- _Source data_:

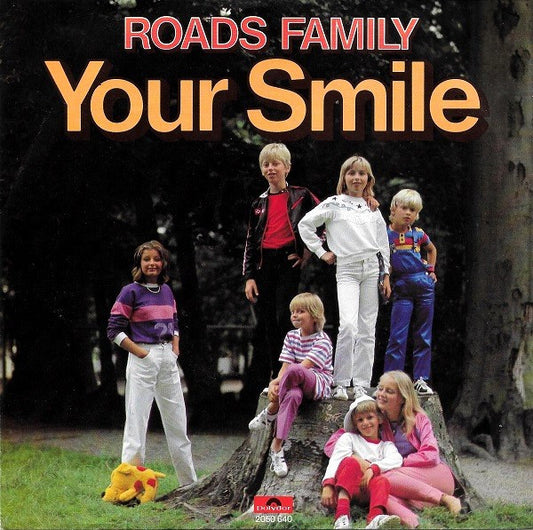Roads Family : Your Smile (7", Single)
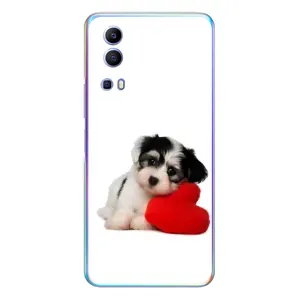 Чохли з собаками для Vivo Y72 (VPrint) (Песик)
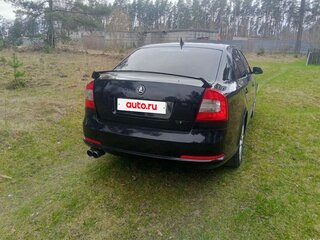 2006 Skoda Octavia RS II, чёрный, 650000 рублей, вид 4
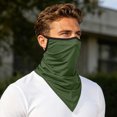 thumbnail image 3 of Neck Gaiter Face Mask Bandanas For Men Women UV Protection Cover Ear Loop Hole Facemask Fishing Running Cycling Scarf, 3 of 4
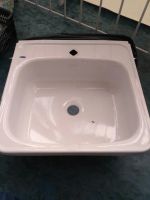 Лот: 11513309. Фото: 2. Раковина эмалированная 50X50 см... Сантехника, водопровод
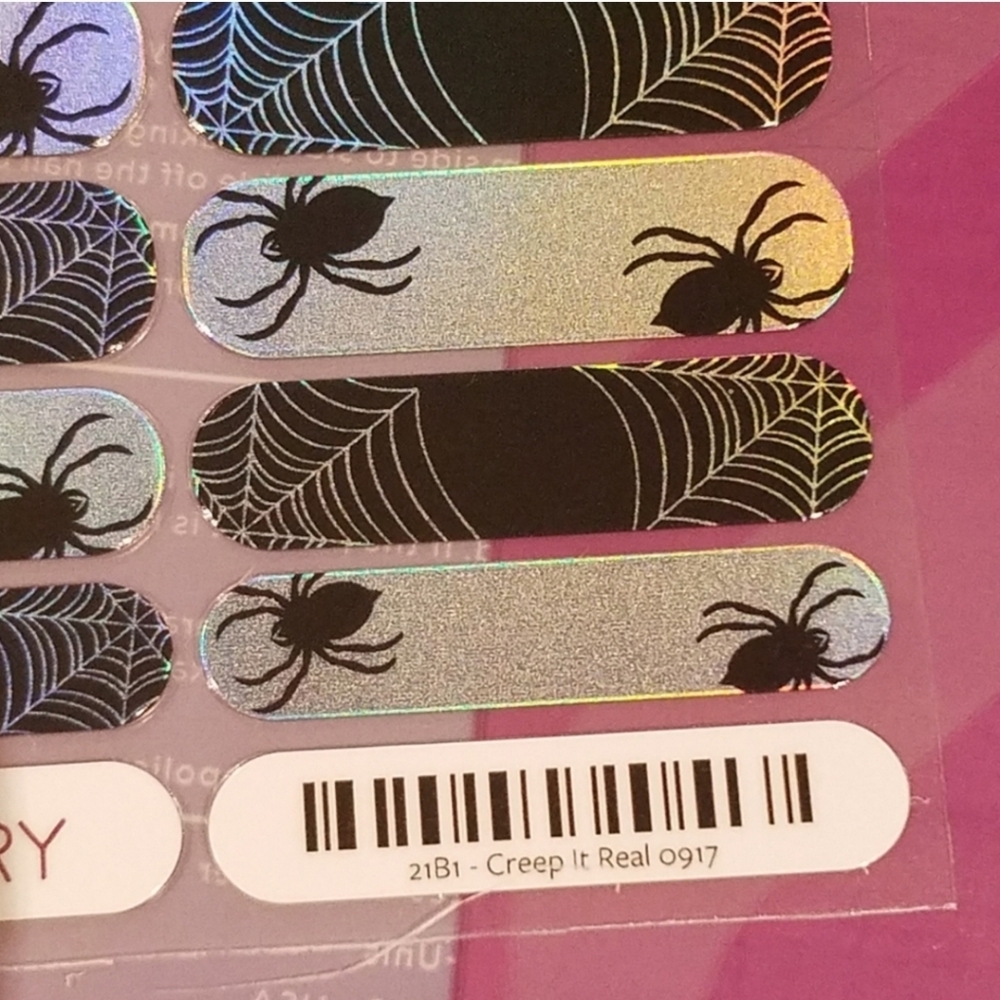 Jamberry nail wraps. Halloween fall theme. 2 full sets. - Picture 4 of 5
==
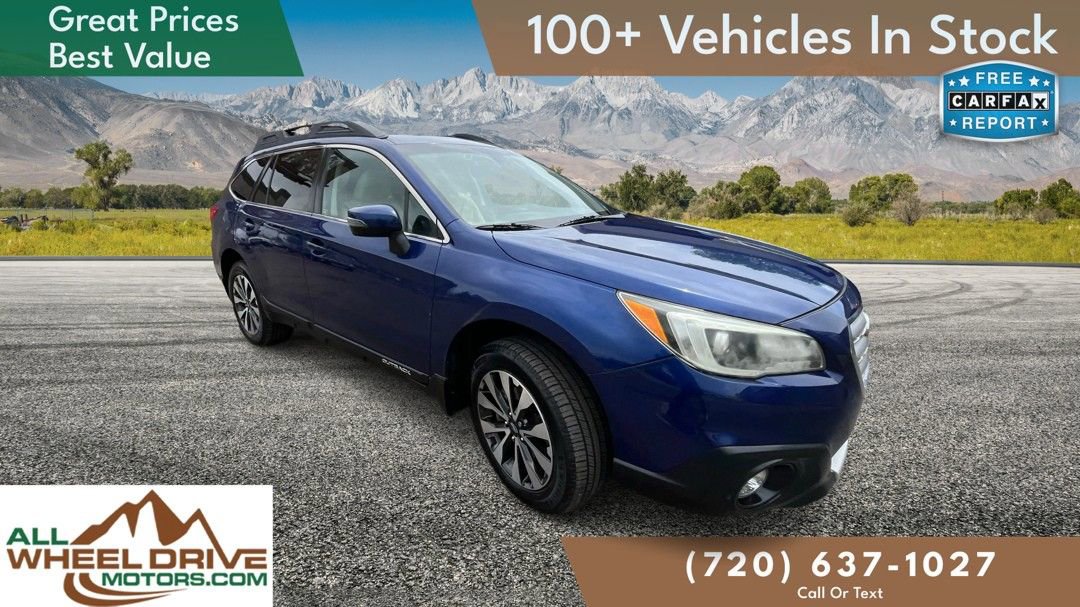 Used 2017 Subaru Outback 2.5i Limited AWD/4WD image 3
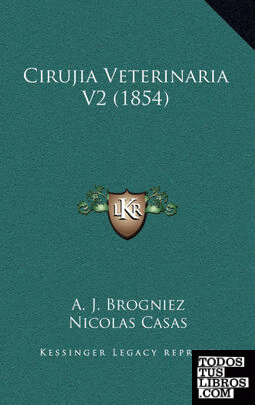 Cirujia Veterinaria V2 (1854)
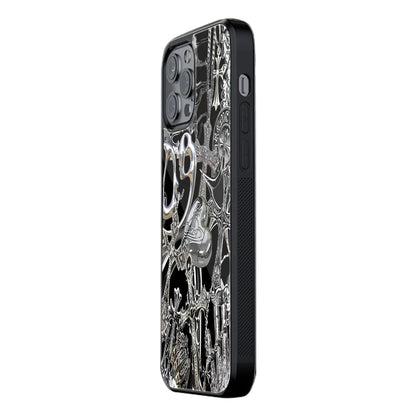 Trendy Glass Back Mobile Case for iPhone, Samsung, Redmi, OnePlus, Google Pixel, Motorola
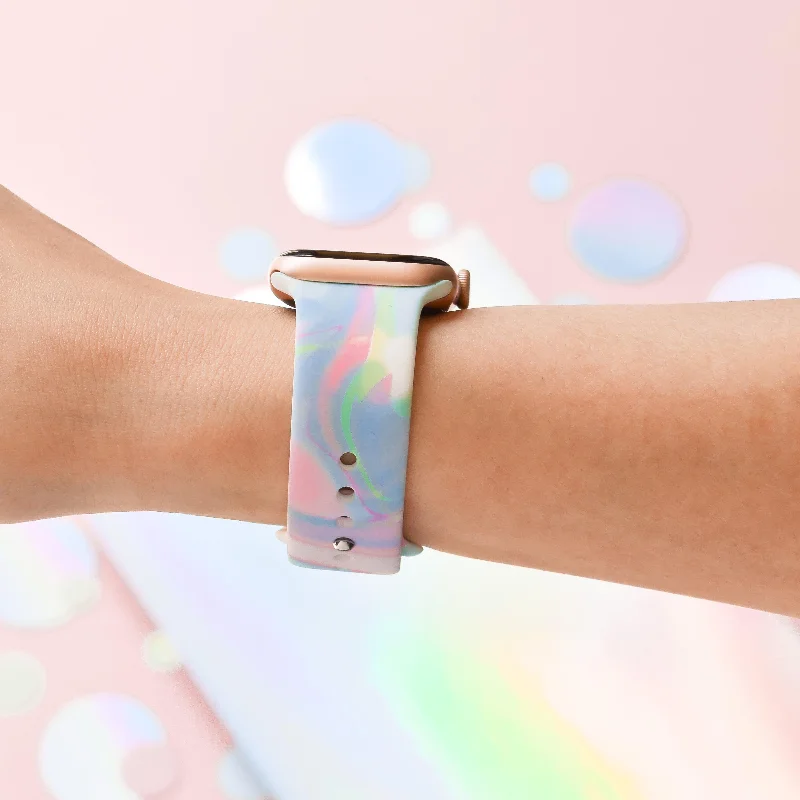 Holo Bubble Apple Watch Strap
* * *
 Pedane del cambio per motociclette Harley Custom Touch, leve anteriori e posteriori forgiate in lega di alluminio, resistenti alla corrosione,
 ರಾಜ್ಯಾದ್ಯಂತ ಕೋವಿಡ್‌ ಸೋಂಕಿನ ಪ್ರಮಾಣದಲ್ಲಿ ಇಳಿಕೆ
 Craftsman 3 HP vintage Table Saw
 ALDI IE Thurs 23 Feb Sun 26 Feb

- _Task description_:
What is wanted is an exact copy of the lines above from the one containing "Roads Family : Your" through the one containing "Jamberry nail wraps.", with no pictures in it.

- _Reply to the task_:
Roads Family : Your Smile (7", Single)
 Чохли з собаками для Vivo Y72 (VPrint) (Песик)
 2006 Skoda Octavia RS II, чёрный, 650000 рублей, вид 4
 thumbnail image 3 of Neck Gaiter Face Mask Bandanas For Men Women UV Protection Cover Ear Loop Hole Facemask Fishing Running Cycling Scarf, 3 of 4
 Лот: 11513309. Фото: 2. Раковина эмалированная 50X50 см... Сантехника, водопровод
 Jamberry nail wraps. Halloween fall theme. 2 full sets. - Picture 4 of 5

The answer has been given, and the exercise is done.